Re: [undertow-dev] Too many open files: Exception accepting request, closing server channel TCP server (NIO)

Tuesday, 3 March 2020

Hi,

I also encountered the "too many TCP connections in CLOSE_WAIT" issue 
with multiple web servers (also Undertow).
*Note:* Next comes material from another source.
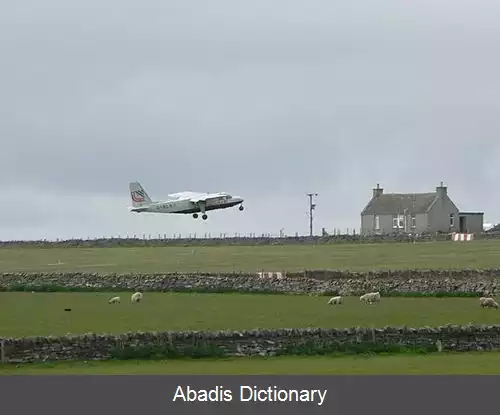 عکس فرودگاه سندی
We see this happening with mobile clients a lot as they often loose 
connection in the most weird moments (railway tunnel, person walks into 
building, ...).

As far as I'm aware this is an issue with TCP in general, when the 
remote client just goes away (network route severed/power lost, not just 
process terminated).

Thus a workaround is best applied on the layer actually handling the TCP 
connection state. This is OSI layer 4 and handled by the operating 
system kernel network stack.

On Linux I successfully use the following sysctl.conf entries to keep 
the CLOSE_WAIT connections in check and avoid netfilter issues:

# keep the number of TCP connections in CLOSE_WAIT low
# by killing CLOSE_WAIT sockets after some time (will look like RESET to 
the server processes)
net.ipv4.tcp_fin_timeout = 15
net.ipv4.tcp_ecn = 1
net.ipv4.tcp_synack_retries = 2
net.ipv4.tcp_tw_recycle = 1
net.ipv4.tcp_tw_reuse = 1
# tune TCP keepalive to be a little more practical (2h -> 5 minutes 
timeout, kill connection after 2 failed probes)
net.ipv4.tcp_keepalive_intvl = 2
net.ipv4.tcp_keepalive_probes = 2
net.ipv4.tcp_keepalive_time = 300

# more contrack table entries (else we may get some "upstream connection 
timed out"
# only needed when using netfilter connection tracking (for example NAT)
# net.nf_conntrack_max = 6556000

Undertow seems to work OK and behaves as an application on layer 7 
should. There are open issues when using TLSv1.3 (100% CPU XNIO I/O 
threads), but that seems off-topic here.

note: The inherent issues of TCP will likely go away when HTTP3 is in 
wide use, as it replaces layer 4 TCP with layer 4+ QUIC.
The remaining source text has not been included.